SibylSense: Adaptive Rubric Learning via Memory Tuning and Adversarial Probing
This addresses the challenge of creating aligned and robust rewards for RL post-training in open-ended generation, which is incremental by building on existing rubric-based methods.
The paper tackles the problem of scaling rubric construction for reward design in open-ended generation by introducing SibylSense, an inference-time learning approach that adapts a rubric generator via memory tuning and adversarial probing, resulting in more discriminative rubrics and improved RL performance over baselines.

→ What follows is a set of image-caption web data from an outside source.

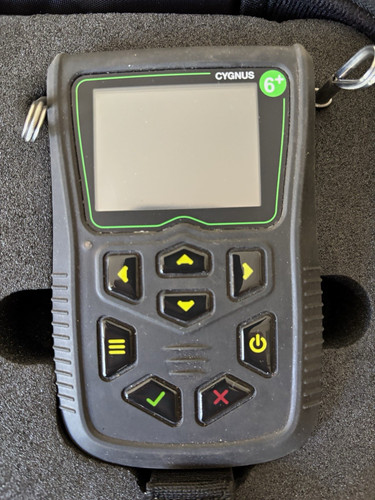 Cygnus instruments - instruments, 6+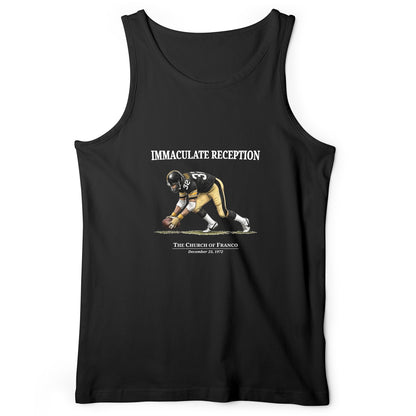 Immaculate Reception Tank Top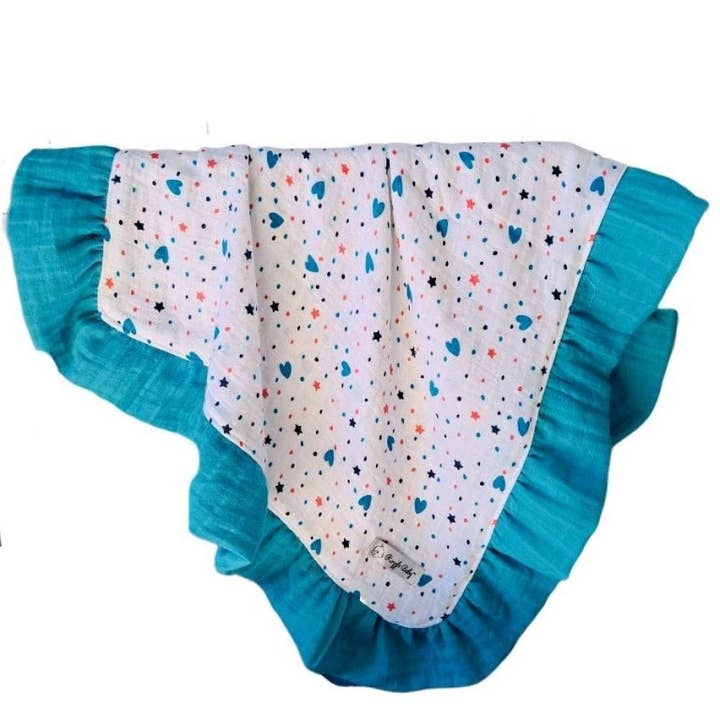 Razzle Baby - Wholesale - Hearts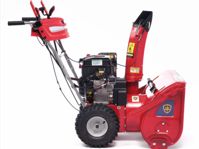 купить Снегоуборщик APEK-as 63 BS Pro Line в Москве - фото 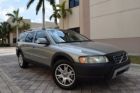 2007 Volvo XC70 AWD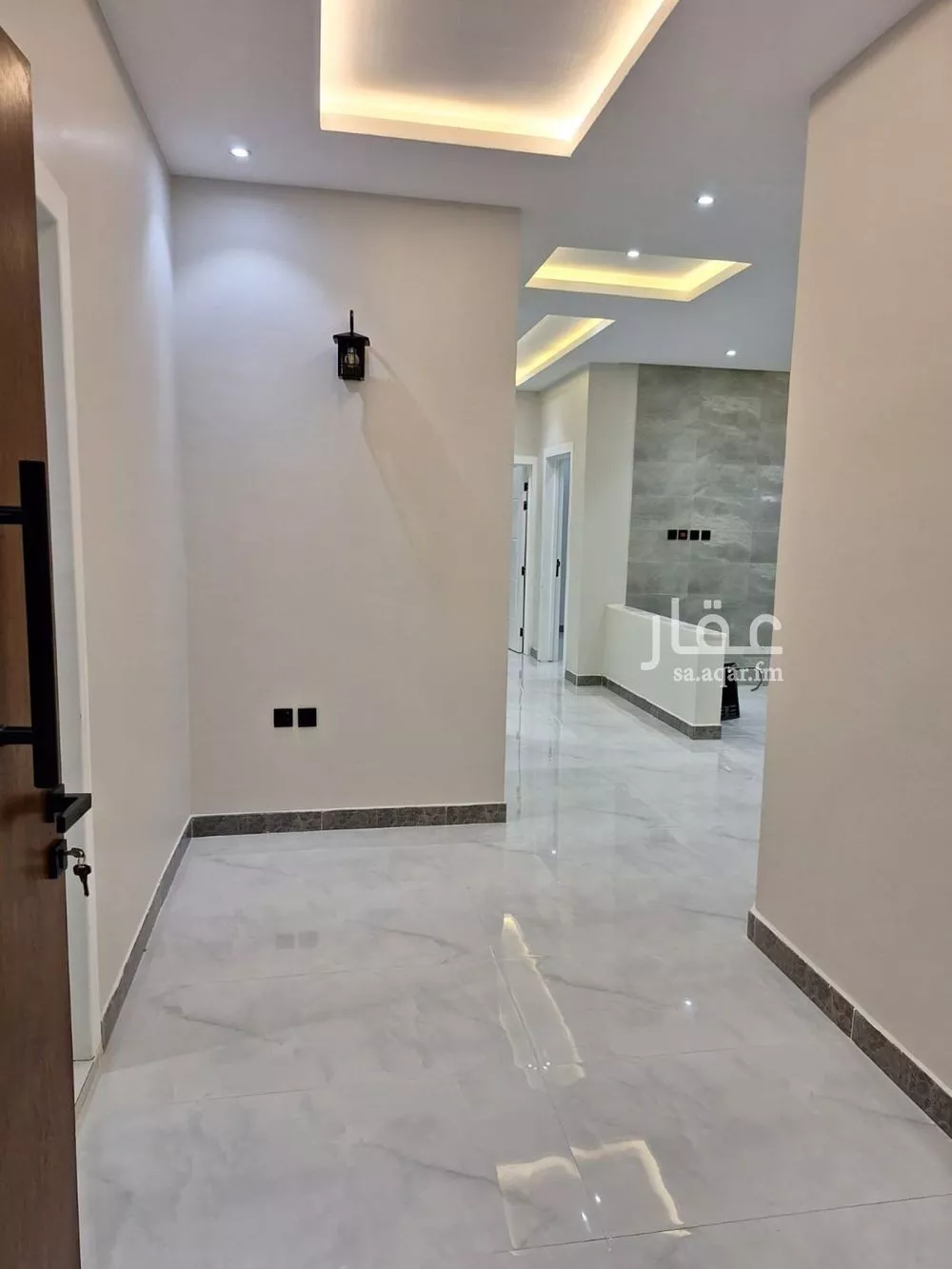 شقة 1 غرف في المونسية 5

Designing aligned and robust rewards for open-ended generation remains a key barrier to RL post-training. Rubrics provide structured, interpretable supervision, but scaling rubric construction is difficult: expert rubrics are costly, prompted rubrics are often superficial or inconsistent, and fixed-pool discriminative rubrics can saturate and drift, enabling reward hacking. We present SibylSense, an inference-time learning approach that adapts a frozen rubric generator through a tunable memory bank of validated rubric items. Memory is updated via verifier-based item rewards measured by reference-candidate answer discriminative gaps from a handful of examples. SibylSense alternates memory tuning with a rubric-adversarial policy update that produces rubric-satisfying candidate answers, shrinking discriminative gaps and driving the rubric generator to capture new quality dimensions. Experiments on two open-ended tasks show that SibylSense yields more discriminative rubrics and improves downstream RL performance over static and non-adaptive baselines.